##### RECORDS SHOWN #####
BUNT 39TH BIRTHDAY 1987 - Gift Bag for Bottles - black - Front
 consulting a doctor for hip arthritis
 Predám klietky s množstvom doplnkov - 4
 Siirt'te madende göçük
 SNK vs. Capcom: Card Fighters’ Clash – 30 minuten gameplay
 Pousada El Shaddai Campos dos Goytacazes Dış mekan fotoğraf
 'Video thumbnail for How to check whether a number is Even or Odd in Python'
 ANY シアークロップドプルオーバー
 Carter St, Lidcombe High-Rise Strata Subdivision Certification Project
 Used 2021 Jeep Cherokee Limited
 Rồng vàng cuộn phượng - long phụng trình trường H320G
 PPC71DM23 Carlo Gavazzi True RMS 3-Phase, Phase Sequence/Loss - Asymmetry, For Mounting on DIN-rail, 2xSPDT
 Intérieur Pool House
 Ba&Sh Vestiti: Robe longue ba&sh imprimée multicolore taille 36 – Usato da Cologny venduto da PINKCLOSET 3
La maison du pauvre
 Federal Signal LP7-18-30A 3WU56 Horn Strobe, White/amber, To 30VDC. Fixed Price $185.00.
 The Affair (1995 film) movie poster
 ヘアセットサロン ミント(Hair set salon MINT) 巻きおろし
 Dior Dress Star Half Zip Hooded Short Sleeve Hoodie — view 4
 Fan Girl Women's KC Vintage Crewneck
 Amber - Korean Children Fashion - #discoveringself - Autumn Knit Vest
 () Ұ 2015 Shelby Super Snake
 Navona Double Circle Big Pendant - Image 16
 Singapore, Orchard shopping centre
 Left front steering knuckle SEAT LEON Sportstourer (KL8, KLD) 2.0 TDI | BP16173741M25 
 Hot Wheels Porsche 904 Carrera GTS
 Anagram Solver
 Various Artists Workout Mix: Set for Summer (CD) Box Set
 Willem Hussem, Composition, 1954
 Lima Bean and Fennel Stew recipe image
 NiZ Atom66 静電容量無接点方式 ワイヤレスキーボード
#####
The lines needed run from the first line of the data through the line containing "Rồng vàng cuộn"; give them again exactly and nothing else.

RESPONSE »
BUNT 39TH BIRTHDAY 1987 - Gift Bag for Bottles - black - Front
 consulting a doctor for hip arthritis
 Predám klietky s množstvom doplnkov - 4
 Siirt'te madende göçük
 SNK vs. Capcom: Card Fighters’ Clash – 30 minuten gameplay
 Pousada El Shaddai Campos dos Goytacazes Dış mekan fotoğraf
 'Video thumbnail for How to check whether a number is Even or Odd in Python'
 ANY シアークロップドプルオーバー
 Carter St, Lidcombe High-Rise Strata Subdivision Certification Project
 Used 2021 Jeep Cherokee Limited
 Rồng vàng cuộn phượng - long phụng trình trường H320G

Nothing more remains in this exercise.